When I read the several recent threads that speak to this recurrent theme, I don’t know whether to gently smile and shake my head or throw up my hands in utter exasperation. It amazes me that as many times as the leaders of the Church try to patiently explain that the only effective way to deal with doubts and faith crises is to apply the revelatory method of Moroni’s challenge, not just to determine the divine authenticity Book of Mormon but to gain inspired answers to every other doctrinal and/or administrative issue that might present challenges to one’s testimony, but they still don’t get it.

In essence, what President Oaks is saying is that the only way to gain a deeply rooted and unconquerable knowledge of the truthfulness of the restored gospel is for each member to do what’s necessary to become a prophet of God in his or her own right.

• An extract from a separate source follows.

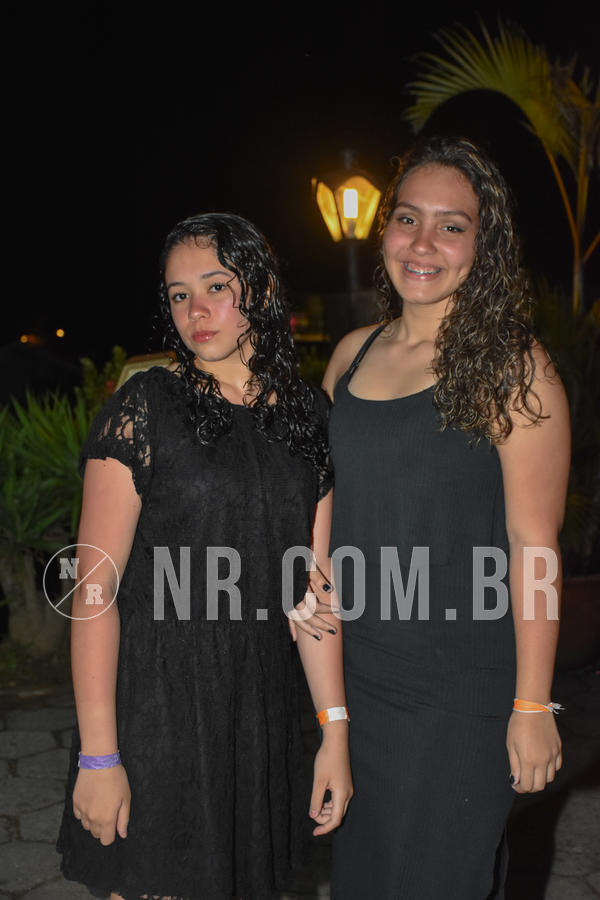 Buy your photos of the eventNR Fun - Resort Sto A. do Pinhal 22 a 25/09/19 on Fotop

President Oaks and the other leaders are attempting to help the members to understand that the only way to successfully wade through the seemingly endless morass of faith challenging questions is to go straight to the Source of all knowledge, even God, and receive from Him personal revelation that will powerfully confirm the restored gospel is true and the many prophecies of its ultimate glorious triumph will all be fulfilled. 

Yet as many times as this sound prophetic counsel is given there are always those who will, once again, reject the sage counsel while insisting it’s the prophets who don’t get it. But at the risk of raising winds of ill will, I will say that those who refuse to accept and apply the counsel of President Oaks, and the similar counsel given by several other Church leaders, are going to wake up one morning twenty years from now still complaining that the leaders haven’t given satisfactory answers to the secondary questions, and still wondering why they’re plagued by legions of raging doubts.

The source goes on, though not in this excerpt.